**Task objective**
For this exercise, copy the data exactly and omit any images.

**Given entries**

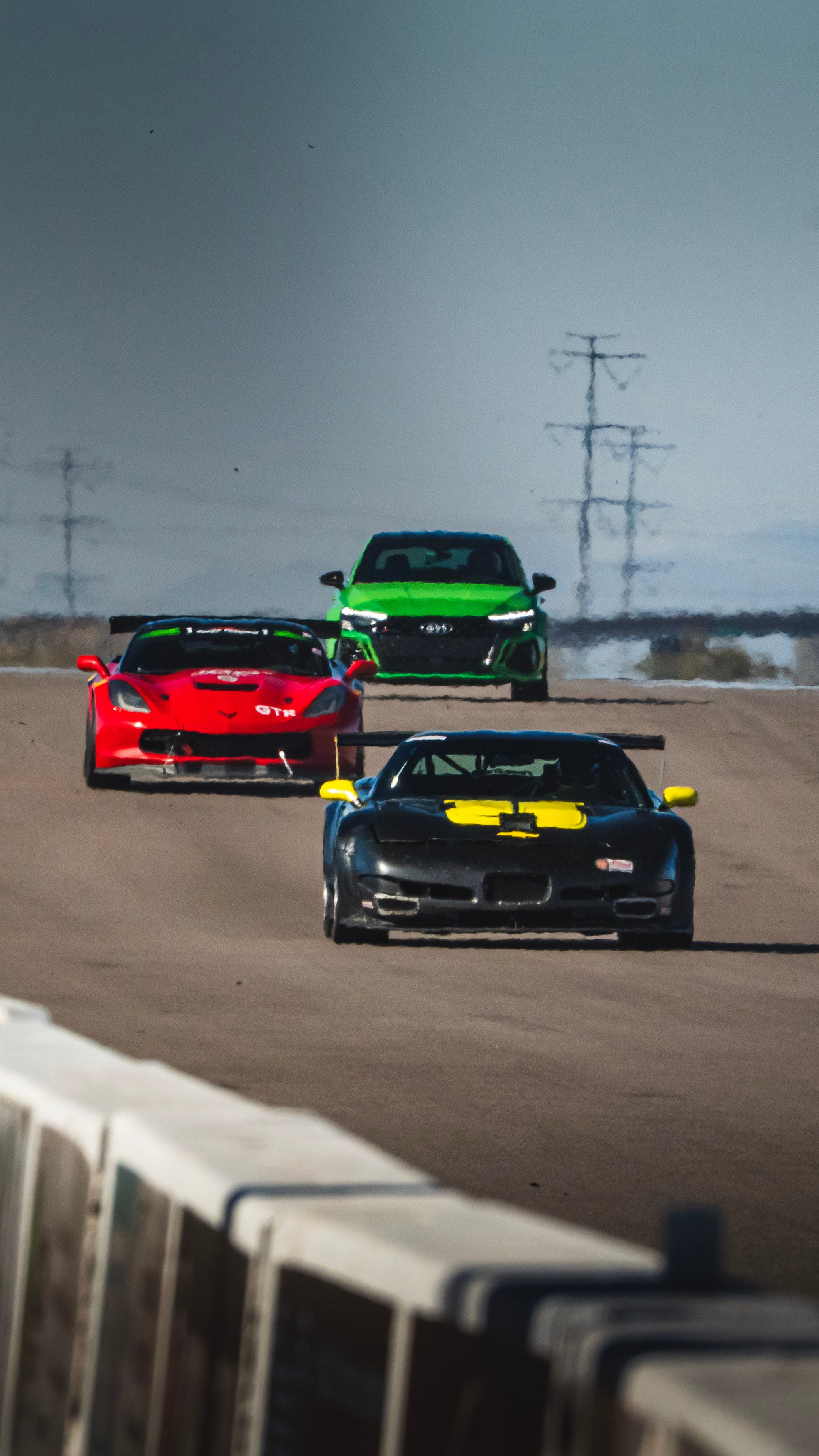 Green Audi 8Y RS 3 with 18" VS-5RS Apex wheels in Brushed Clear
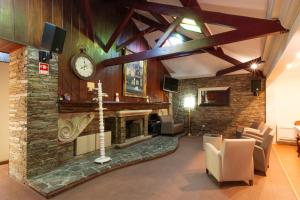 a living room with a fireplace and a clock on a wall at Hotel Joao Padeiro in Aveiro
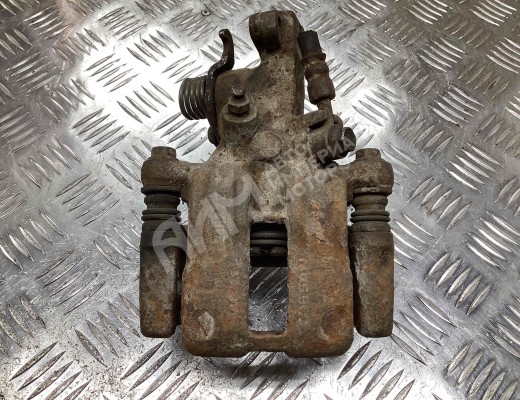 Суппорт задний левый Nissan Primera II (P11) 1996-2002  Nissan Primera Primera II (P11) 1996-2002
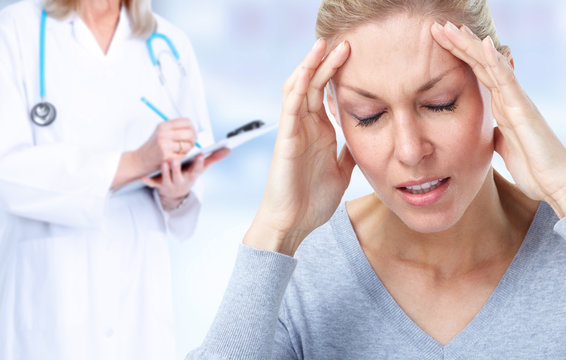 Woman Having A Migraine Headache.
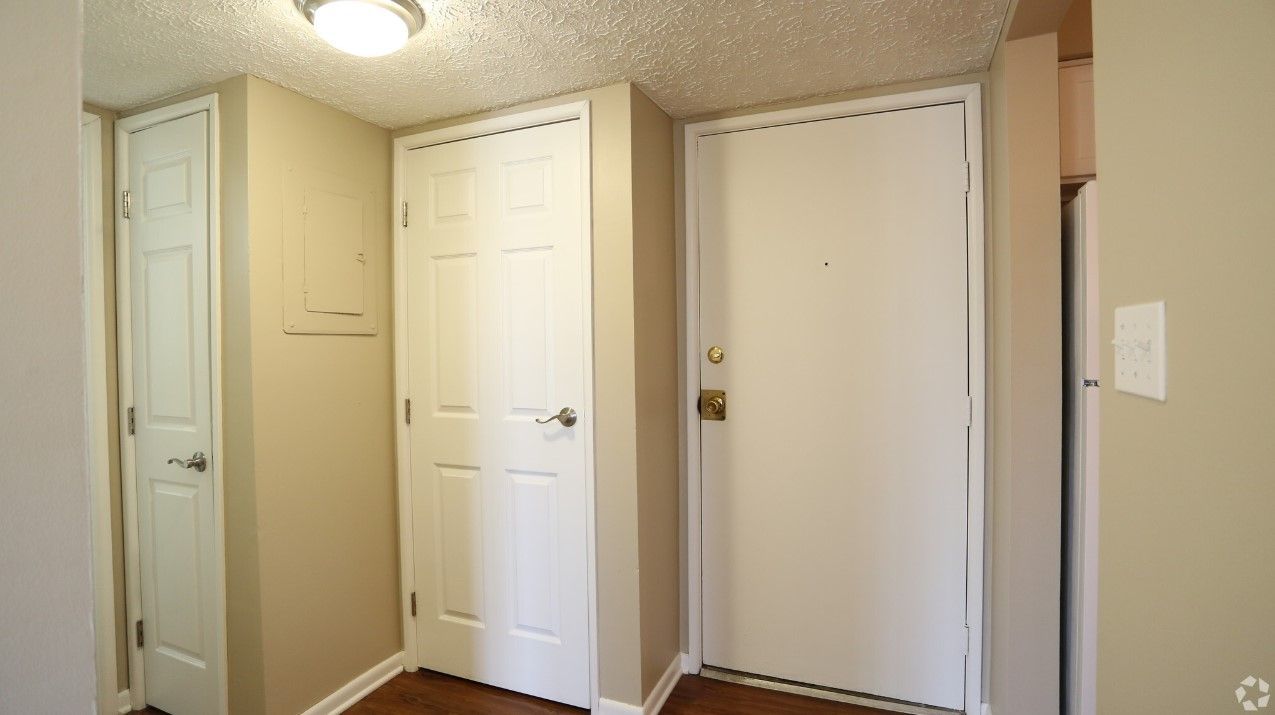 A hallway with two white doors and a light on the ceiling.
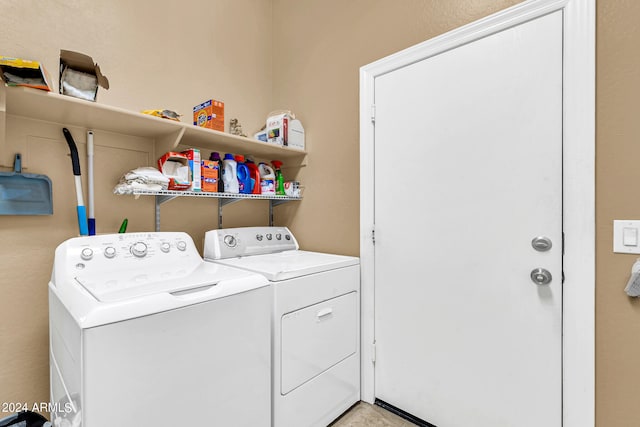 clothes washing area featuring laundry area and independent washer and dryer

**Exercise response**
 Green Audi 8Y RS 3 with 18" VS-5RS Apex wheels in Brushed Clear
 a living room with a fireplace and a clock on a wall at Hotel Joao Padeiro in Aveiro
 Суппорт задний левый Nissan Primera II (P11) 1996-2002  Nissan Primera Primera II (P11) 1996-2002
 Woman Having A Migraine Headache.
 A hallway with two white doors and a light on the ceiling.
 clothes washing area featuring laundry area and independent washer and dryer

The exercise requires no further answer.